BayerSe
BayerSe

Reputation: 1171

Rcpp function: f(x) - f(x) is not 0

I rewrote a pure R function using Rcpp for reasons of computation speed.

Here is the function:

// [[Rcpp::export]]
double es_loss_c(NumericVector b, NumericVector Y, NumericMatrix X, double alpha, double delta) {

  int n = X.nrow();                           // Number of observations
  int k = X.ncol();                           // Number of parameters

  NumericVector b_q = b[Range(0, k-1)];       // Quantile parameters
  NumericVector b_e = b[Range(k, 2*k-1)];     // Expected shortfall parameters

  // Initialize required variables
  NumericVector Xi;
  double out, Yi, Xb_q, Xb_e, u, exp_e, H;

  for (int i = 0; i < n; i++) {

    Yi = Y(i);
    Xi = X(i,_);

    // Pre-store some values
    Xb_q = sum(Xi * b_q);
    Xb_e = sum(Xi * b_e);

    u = Yi - Xb_q;
    exp_e = exp(Xb_e);

    // Indicator function or its approximation
    if (delta > 0) {
      H = 1 / (1 + exp(delta * u));
    } else {
      H = u <= 0;
    }

    // Shortfall loss
    out += (alpha - H) * u + exp_e / (1 + exp_e) * (-1/alpha * H * u + Xb_e - Xb_q) - log(1 + exp_e);
  }

  return out / n;
}

You can test the function with:

set.seed(1)
X <- cbind(1, rnorm(1000))
Y <- X %*% c(0, 1) + rnorm(1000)
b0 <- rnorm(4)
es_loss_c(b0, Y, X, 0.01, 100)
[1] 64.22035

This works so far and the result is the same (up to 1e-15) as with the pure R implementation.

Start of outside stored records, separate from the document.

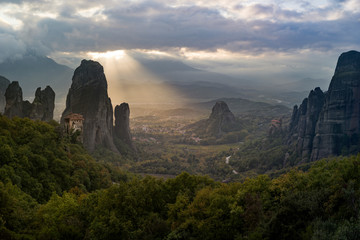 Beautiful god ray sunbeam illuminating Meteora's Roussanou convent during sunset
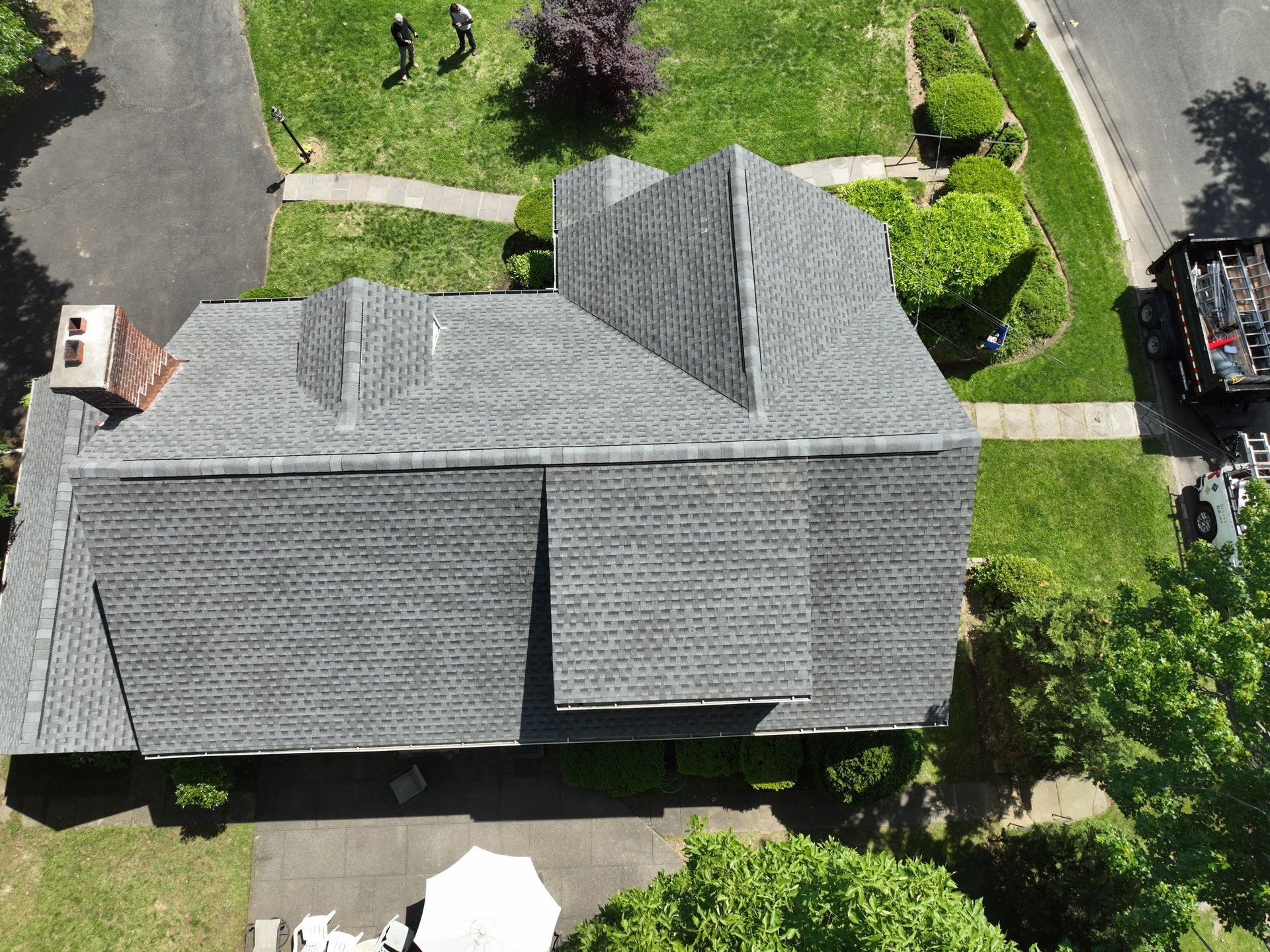 A top aerial view of a house with a roof that is being replaced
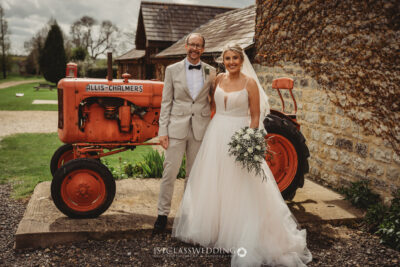 Bride and groom posing by vintage tractor at wedding.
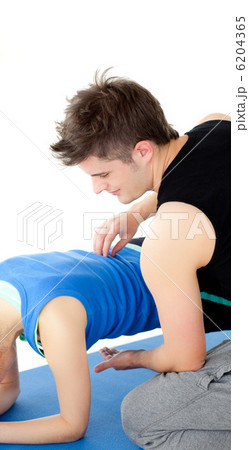 Caucasian woman working out assited by her personal trainer Caucasian woman working out assited by her personal trainer 6204365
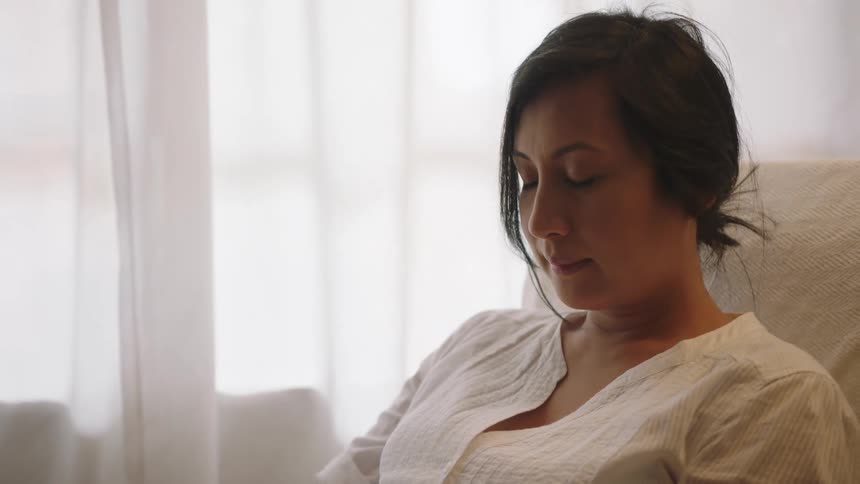 Pregnant woman with a laptop on her lap sitting on a chair at home next to a window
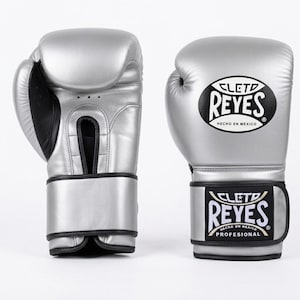 A pair of silver Cleto Reyes leather boxing gloves featuring a hook-and-loop closure, black inner thumb, and iconic branding.
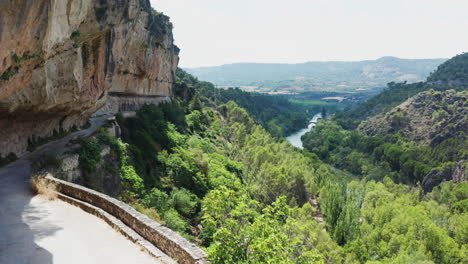 Still-aerial-shot-of-Mirador-el-Puente-Romano-road-and-plateau-mountain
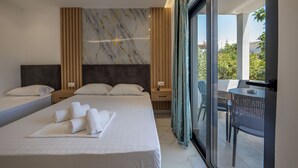 A modern hotel room with a large bed, a wooden headboard, a marble wall, and a balcony with a table and chairs. - Vila Sefedin (Ksamil)
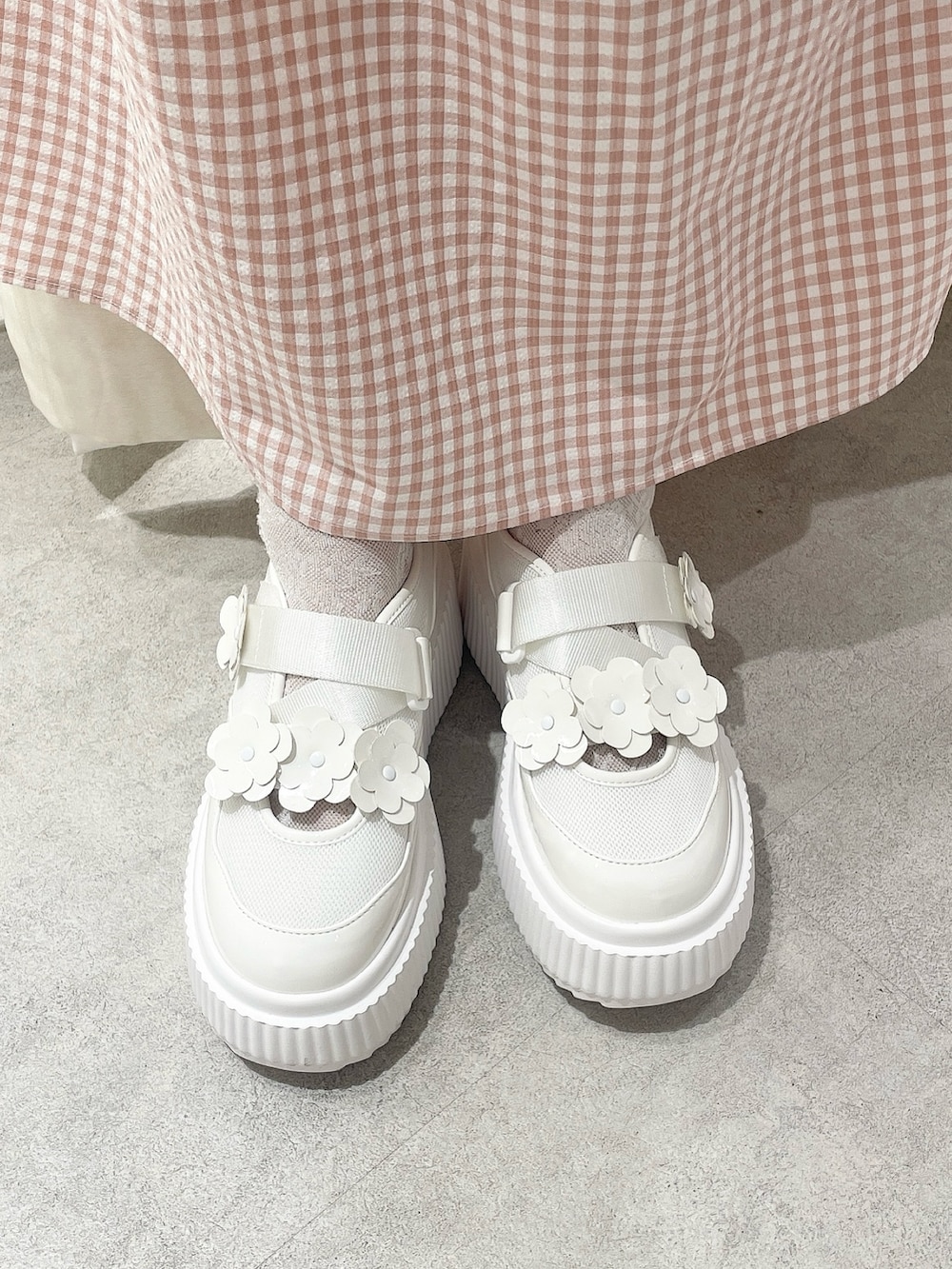 ピンク系のカーディガン/ボレロ、ピンク系のワンピース、ホワイト系のスニーカーを着用したレディースの冬コーディネートの6枚目の写真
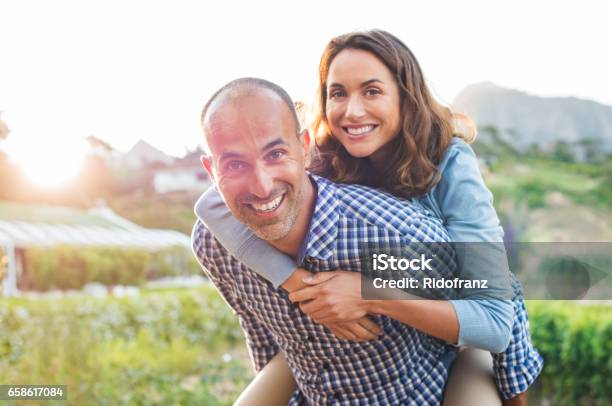 Piggyback Mature Couple Stock Photo - Download Image Now - Couple - Relationship, 40-49 Years, Happiness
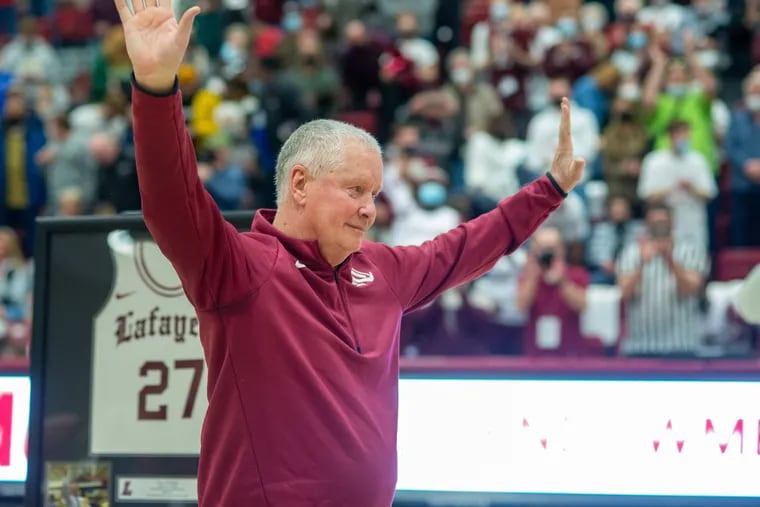 Lafayette College basketball coach Fran O'Hanlon acknowledges the crowd after he was presented with a jersey commemorating his 27 years as head coach on Feb. 26, 2022.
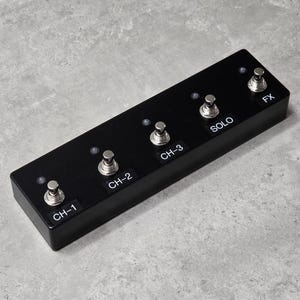 May include: A rectangular black footswitch controller featuring five metallic silver stomp buttons arranged in a row. Each button is labeled with white text reading CH-1, CH-2, CH-3, SOLO, and FX, accompanied by a small circular indicator light.
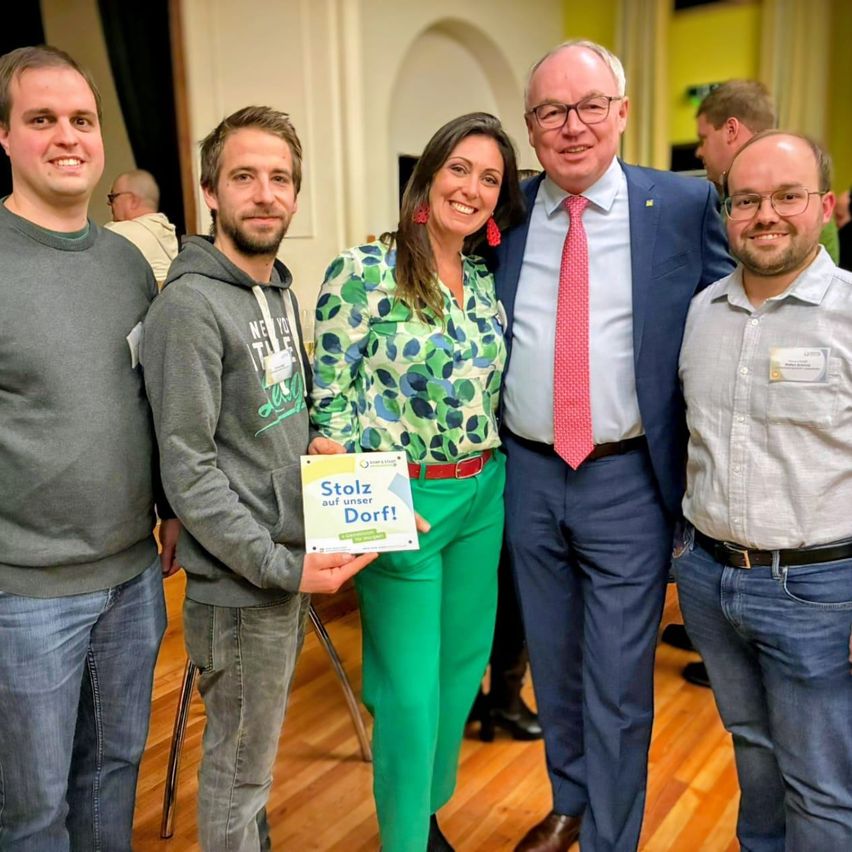 Fünf Menschen stehen lächelnd für ein Foto zusammen im Innenbereich. Ein Mann auf der linken Seite hält ein Buch mit dem Titel Stolz auf unser Dorf.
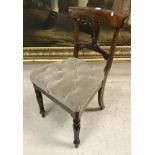 A set of six early Victorian mahogany bar back dining chairs with drop in buttoned seats raised on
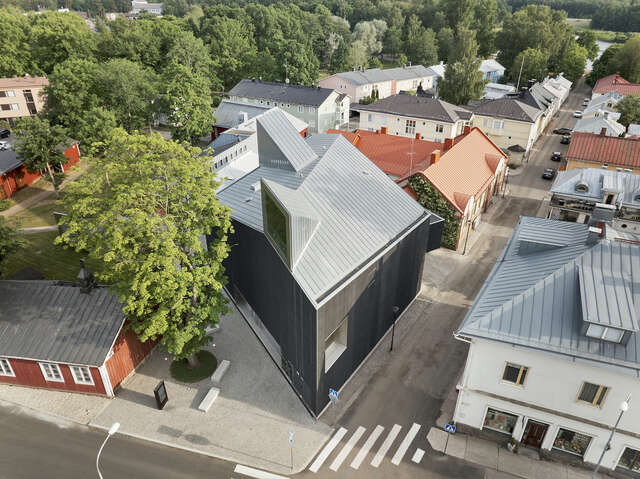A black wooden building in the middle of a town as seen from the air.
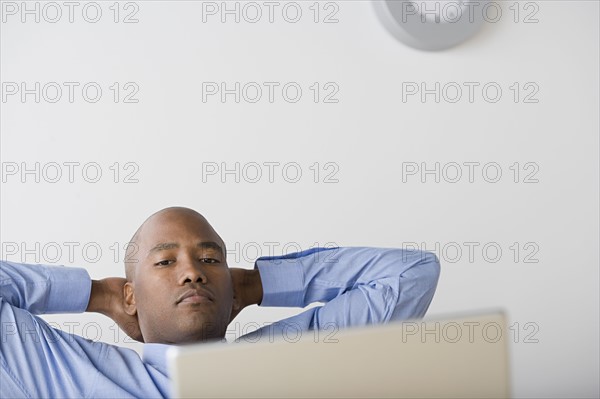 Businessman relaxing in office. Photo: Rob Lewine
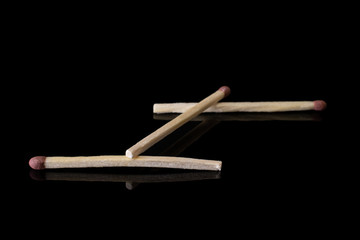 Group of three whole brown safety match isolated on black glass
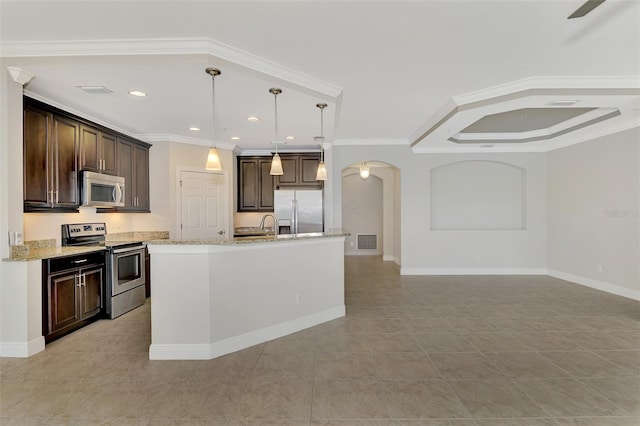 kitchen featuring appliances with stainless steel finishes, pendant lighting, an island with sink, dark brown cabinetry, and light stone countertops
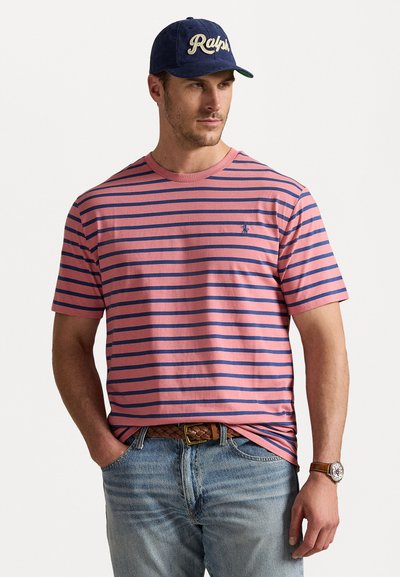 T-shirt rayé rose et marine avec un col rond, des manches courtes et un petit logo sur la poitrine gauche, associé à un jean bleu et une ceinture tissée marron.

But then, something really strange happens:

es_loss_c(b0, Y, X, 0.01, 100) - es_loss_c(b0, Y, X, 0.01, 100)
[1] -64.22035
es_loss_c(b0, Y, X, 0.01, 100) + es_loss_c(b0, Y, X, 0.01, 100)
[1] 192.6611
es_loss_c(b0, Y, X, 0.01, 100) / es_loss_c(b0, Y, X, 0.01, 100)
[1] 0.5

Can you explain to me what is happening here?

Upvotes: 1

Views: 112

Answers (1)

tonytonov
tonytonov

Reputation: 25638

You forgot to initialize out = 0; before using it. Just add it before for loop and each call to es_loss_c will produce identical results.